Data:
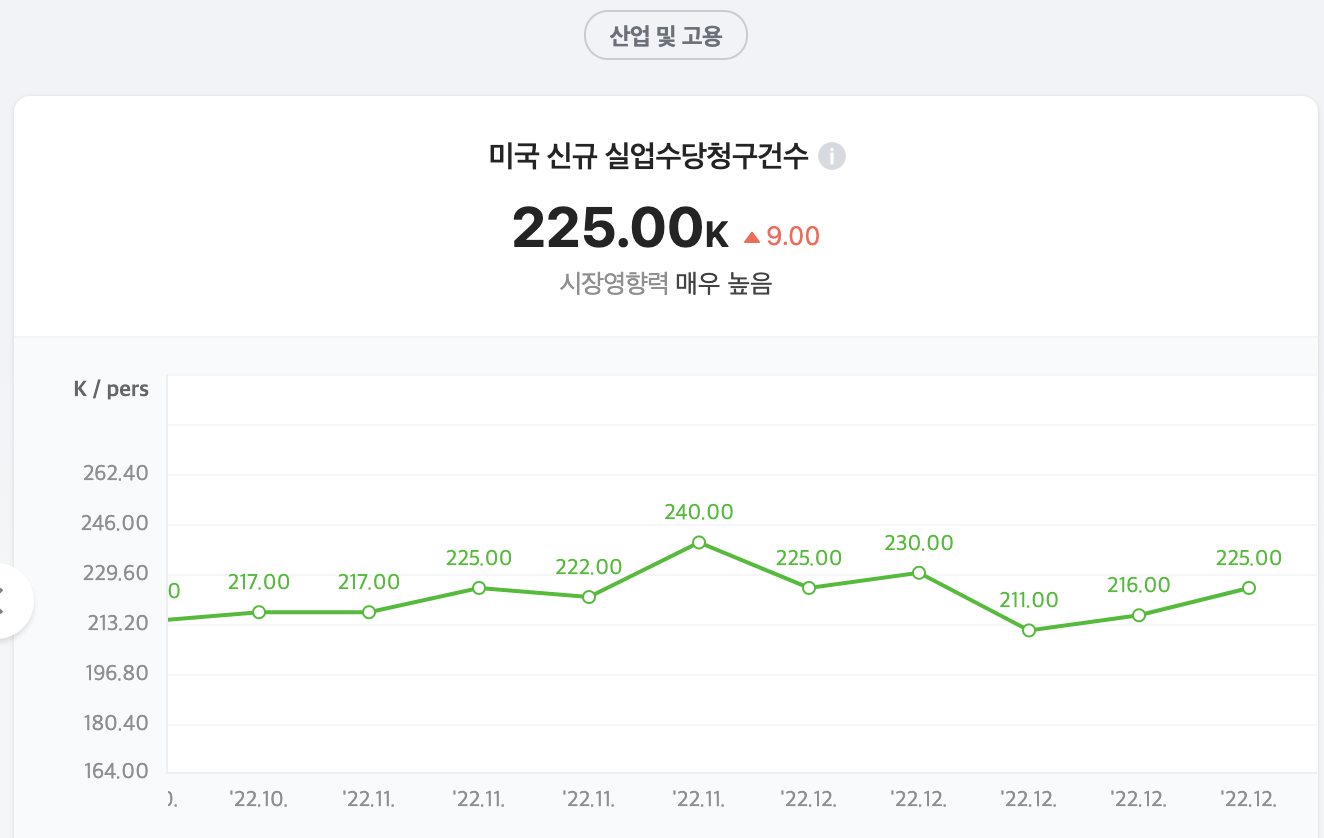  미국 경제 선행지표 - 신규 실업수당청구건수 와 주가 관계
* * *
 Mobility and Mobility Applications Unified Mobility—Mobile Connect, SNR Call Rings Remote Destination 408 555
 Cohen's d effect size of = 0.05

Task details: Starting with the line that holds "Mobility and Mobility" and ending with the line that holds "Cohen's d effect size of = 0.05", retype every line in the data above exactly, and nothing else.

Answer area:
 Mobility and Mobility Applications Unified Mobility—Mobile Connect, SNR Call Rings Remote Destination 408 555
 Cohen's d effect size of = 0.05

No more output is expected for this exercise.